NEW YORK (Reuters) - The euro hovered near a three-week high against the dollar on Friday, chalking up its biggest weekly gain in over a year as European leaders said they would publish details about the health of European banks.
With markets a bit less anxious about Spain's public finances after the country attracted buyers for a debt auction this week, some analysts said the stress test results could boost trust in Europe's banking system.
But others cautioned that signs of trouble in the sector could put the brakes on euro gains, snapping a rally that lifted the currency 2.1 percent against the dollar this week, its best weekly performance since May 2009.
Bank stress tests "could be quite significant if they in fact show that significant capital needs to be raised by some of the major European banks," said Brian Dolan, chief strategist at Forex.com in Bedminster, New Jersey. "The euro zone is by no means out of the woods."
After hitting a three-week high above $1.24 Thursday, the euro retreated to $1.2373, unchanged on the day. It was still rooted in a short-term uptrend that began after hitting $1.1876 last week, its worst level since 2006. the currency was 0.3 percent weaker at 112.26 yen while the dollar was off 0.3 percent at 90.71 yen.
Anxiety about the fiscal health of euro zone countries has eased a bit over the last week and encouraged investors to unwind bets against the single currency.

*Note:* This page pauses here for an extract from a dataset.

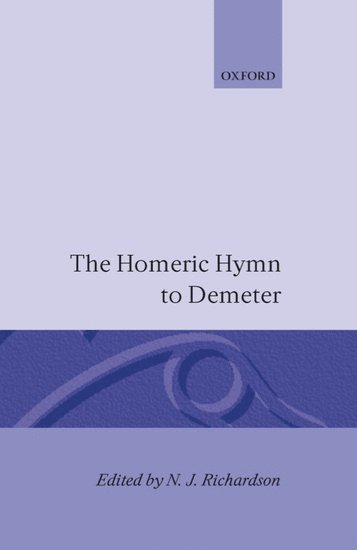 The Homeric Hymn to Demeter 1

Commodity Futures Trading Commission data on Friday showed speculators cut short euro positions sharply in the week to June 15, a period in which the euro rose 3 percent against the dollar.
"We're going to see whether the euro is going to sustain these gains and press on toward $1.25," Dolan said, adding a move back below $1.2340 or so could spark some profit-taking.
BNP Paribas strategists see the euro's corrective rebound running out of steam near $1.2525, saying data suggest euro gains are "not backed by real money investment flows."
SWISS, CHINESE CURRENCIES GAIN
The euro slid to a record low at 1.3718 Swiss francs, according to Reuters data, while the dollar hit a one-month low of 1.1081 francs.
The franc gained after Switzerland's central bank on Thursday backed away from a pledge to fight currency strength and said deflation risks have receded.
The dollar index .DXY was flat at 85.737, after falling to a one-month low at 85.453. Technical analysts said it looked vulnerable after breaking through support at 85.85, with the next key level seen in the 85.13 area, its May 21 low.
The Chinese yuan rose to a one-month high against the U.S. dollar in offshore forwards as investors bet China may eventually cave in to growing pressure from the U.S. Congress to let the yuan rise in value.
Benchmark one-year non-deliverable forwards fell as far 6.6780. That implied investors were betting on a 2.2 percent rise in the yuan against the U.S. dollar over the next year, up from bets of a 1.3 percent gain on Thursday.
But Brown Brothers Harriman strategist Marc Chandler said Washington likely "lacks the leverage to get China to do something that it does not want to do."
After the 2007-09 financial crisis and the current European sovereign debt crisis, China can argue "it is a distraction to focus on the yuan," Chandler said.